I dedicate tonight's gift idea to procrastinators. As much as I empathize, we are down to the wire. We haven’t the time to ship a summer sausage or mail a card. Stores will close in a few hours—if they haven’t already—eliminating the possibility of personally delivering a gift. But do not fear. We have the tools to keep the cloaked, fat man's horns under his Santa hat this year.
Until recently, sending identical greeting cards to the 20 or 30 individuals on our list was considered proper Christmas etiquette. The task was tedious. Fortunately, the “green” movement, greater procrastination, fewer days until Christmas, and the “digitize me” generation sabotaged tradition. The electronic greeting card became a worthy adversary. Like their paper ancestors, e-cards address all types of sentiments: Thank You, Miss You, Happy Anniversary or Birthday, Congratulations, Deepest Sympathy, Get Well, and, of course, Happy Holidays.

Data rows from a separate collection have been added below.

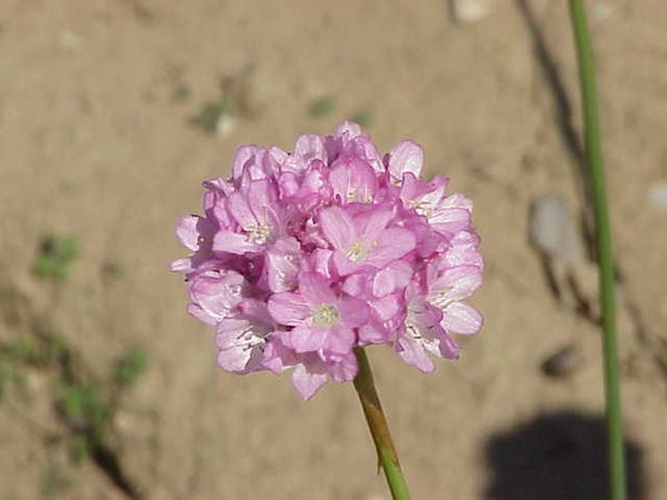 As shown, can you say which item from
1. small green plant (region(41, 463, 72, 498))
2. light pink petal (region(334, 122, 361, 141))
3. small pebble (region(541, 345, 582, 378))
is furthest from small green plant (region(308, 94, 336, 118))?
light pink petal (region(334, 122, 361, 141))

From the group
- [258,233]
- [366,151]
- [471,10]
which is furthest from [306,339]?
[471,10]

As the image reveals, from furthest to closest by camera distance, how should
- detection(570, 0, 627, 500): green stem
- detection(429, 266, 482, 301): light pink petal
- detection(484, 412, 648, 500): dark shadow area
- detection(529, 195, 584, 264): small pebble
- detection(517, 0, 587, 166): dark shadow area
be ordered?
detection(517, 0, 587, 166): dark shadow area < detection(529, 195, 584, 264): small pebble < detection(484, 412, 648, 500): dark shadow area < detection(570, 0, 627, 500): green stem < detection(429, 266, 482, 301): light pink petal

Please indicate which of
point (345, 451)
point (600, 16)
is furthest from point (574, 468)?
point (600, 16)

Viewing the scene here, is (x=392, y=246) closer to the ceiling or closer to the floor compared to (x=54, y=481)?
closer to the ceiling

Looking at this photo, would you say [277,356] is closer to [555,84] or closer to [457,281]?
[457,281]

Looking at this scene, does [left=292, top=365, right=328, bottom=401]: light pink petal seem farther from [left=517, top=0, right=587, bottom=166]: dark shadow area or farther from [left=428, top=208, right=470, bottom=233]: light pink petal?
[left=517, top=0, right=587, bottom=166]: dark shadow area

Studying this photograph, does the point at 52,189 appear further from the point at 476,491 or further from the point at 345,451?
the point at 476,491

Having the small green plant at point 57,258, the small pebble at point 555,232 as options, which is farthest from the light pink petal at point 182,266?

Having sent or received a lame e-card may require you to reboot your perspective. They’ve come a long way. The Web sites below offer e-cards that broaden the envelope set by the first stream.

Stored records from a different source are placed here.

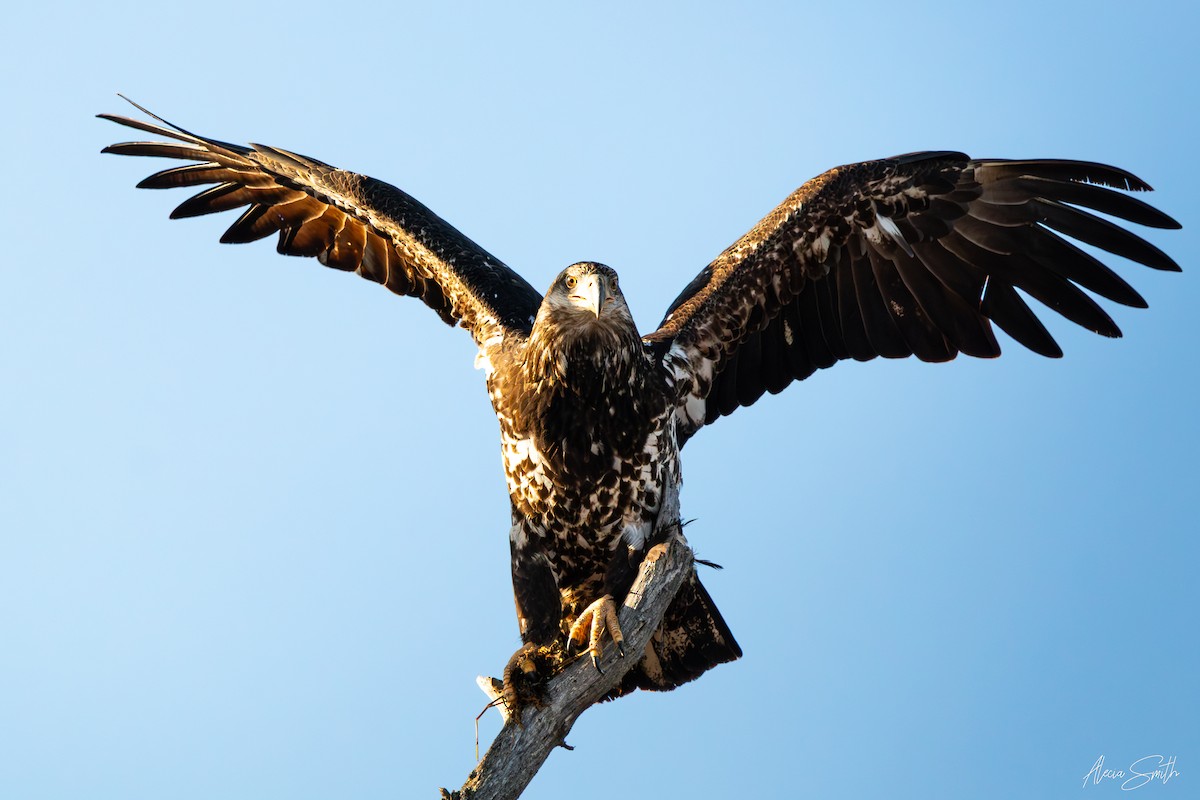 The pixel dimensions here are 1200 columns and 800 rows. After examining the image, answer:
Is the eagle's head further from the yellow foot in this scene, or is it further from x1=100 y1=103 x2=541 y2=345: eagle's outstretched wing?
the yellow foot

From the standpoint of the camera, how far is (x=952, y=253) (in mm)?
8133

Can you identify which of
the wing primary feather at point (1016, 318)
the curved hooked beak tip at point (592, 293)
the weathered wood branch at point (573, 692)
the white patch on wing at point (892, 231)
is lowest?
the weathered wood branch at point (573, 692)

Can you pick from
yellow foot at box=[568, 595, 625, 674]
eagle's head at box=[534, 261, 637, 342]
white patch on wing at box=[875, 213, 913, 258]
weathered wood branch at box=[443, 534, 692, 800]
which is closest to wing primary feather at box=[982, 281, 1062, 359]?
white patch on wing at box=[875, 213, 913, 258]

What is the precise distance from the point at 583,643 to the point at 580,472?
989mm

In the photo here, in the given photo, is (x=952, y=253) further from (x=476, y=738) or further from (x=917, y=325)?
(x=476, y=738)

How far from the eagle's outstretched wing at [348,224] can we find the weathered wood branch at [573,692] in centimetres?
193

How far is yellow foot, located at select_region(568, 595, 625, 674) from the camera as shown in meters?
6.36

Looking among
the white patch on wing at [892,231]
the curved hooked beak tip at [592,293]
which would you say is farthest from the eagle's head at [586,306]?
the white patch on wing at [892,231]

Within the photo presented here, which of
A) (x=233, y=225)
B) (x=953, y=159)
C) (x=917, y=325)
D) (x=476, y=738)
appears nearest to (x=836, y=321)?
(x=917, y=325)

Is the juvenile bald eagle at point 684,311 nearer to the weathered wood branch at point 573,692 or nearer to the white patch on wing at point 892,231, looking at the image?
the white patch on wing at point 892,231

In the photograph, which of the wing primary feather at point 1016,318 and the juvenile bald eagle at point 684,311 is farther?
the wing primary feather at point 1016,318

Check out this pop-up card, complete with audio, on Smilebox. You can embed photos of the family, too.
Blue Mountain livens up their e-cards with animation. Choose from a variety of holiday sub-categories.
Looking for something more interactive? Grab a free computer game on Funmunch. Help Santa and his hung-over reindeer make up for lost time in Late Santa; or turn Santa into a Mario Brothers type character and battle frozen tundra in Xmas Grandpa.
Even though we are t-minus three hours 'til Christmas, the timeliness of an e-card, unlike its paper predecessor, is graded on "send" time—not arrival date.